We set up simulation experiments (see manuscript) to distinguish and quantify the effects of tillage practices and tillage-intensity-change (TIC)on SOC changes. More specifically, the first simulation experiment (S1) was designed to produce our “best estimate” of C storage and change in the U.S., which was driven by historically varying tillage intensity and other drivers (e.g., climate, N deposition, atmospheric CO2, land conversion and crop rotation, crop technology improvement, and fertilizer use, manure application, irrigation, and tile drainage). The second simulation experiment (S2) was a “business as usual (BAU)-1998” reference case designed to keep intensity of conservation and conventional tillage “fixed” since 1998 (we keep areas under these two tillage types unchanged, assuming that new cropland adopted no-till practice). The impacts of TIC on C storage are distinguished by comparing S1 with S2 (see figure 2 in the manuscript). Similarly, the third simulation experiment (S3) was designed to hold the two tillage intensities “fixed” since 2008, which served as the “BAU-2008” reference. By comparing S1 and S3, we can identify the impact of TIC on C storage during the 2008-2016 period (see figure 2 in the manuscript). Based on the above experiments, we estimated how TIC has affected C storage in the US. Moreover, we set up a fourth simulation experiment (S4), which assumed that the no-till practice was adopted in all croplands since 1998, and the fifth simulation experiment (S5) assuming shifting all conventional tillage land to conservation tillage since 1998. Comparison of experiments S1 and S4 provides us with historical tillage impacts on cropland SOC (see figure 2 in the manuscript), while comparison of S1 and S5 implies potential SOC change of adopting conservation tillage in the U.S. corn-soybean cropping system.

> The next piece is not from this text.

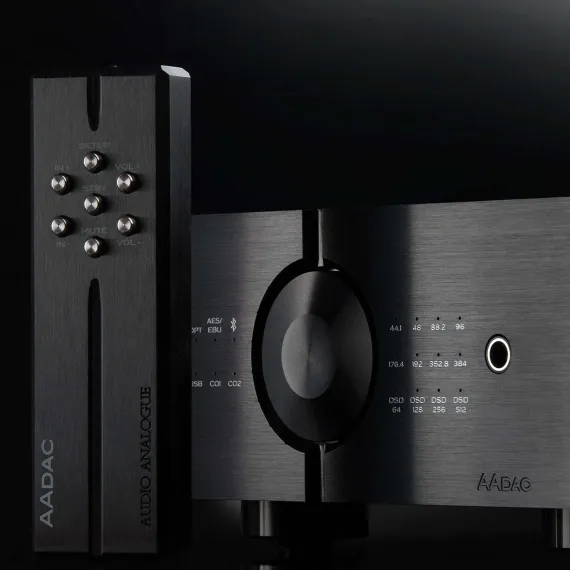Audio Analogue AADac (Bluetooth) Black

Additional simulation experiments were designed to account for uncertainties of the TIC-induced C storage change. Three major uncertainty sources were quantified. The first uncertainty source is from the parameters used in LUCC-induced soil C and N loss in continuous cropland expansion area. Same as Yu et al. (2018, 2019), conversion-specific parameter values were adopted to describe instantaneous C loss during cropland expansion into different ecosystem types. Parameter-induced uncertainty from C storage change was derived from multiple simulation experiments using parameter values for average C/N loss percentage ± 1 standard deviation. The second uncertainty comes from the residual removal rate used in model simulations. The “best estimate” simulation we performed adopted a coefficient of 0.5 for residue removal assuming that 50% of the residue was removed from cropland. The residue removal rate determines C input amount after crop harvesting, which is directly related to soil C storage change. This roughly estimated coefficient may vary by location and crop type, and may affect soil C accumulation/loss. We then adopted 40% and 60% residue removal coefficients as alternatives to the 50% coefficient when implementing our uncertainty analysis. The third uncertainty is from the timing of tillage implementation. Generally, fall tillage may be adopted before spring tillage . Due to lack of timing information, we designed two types of experiments. One is with and one is without the fall tillage practice.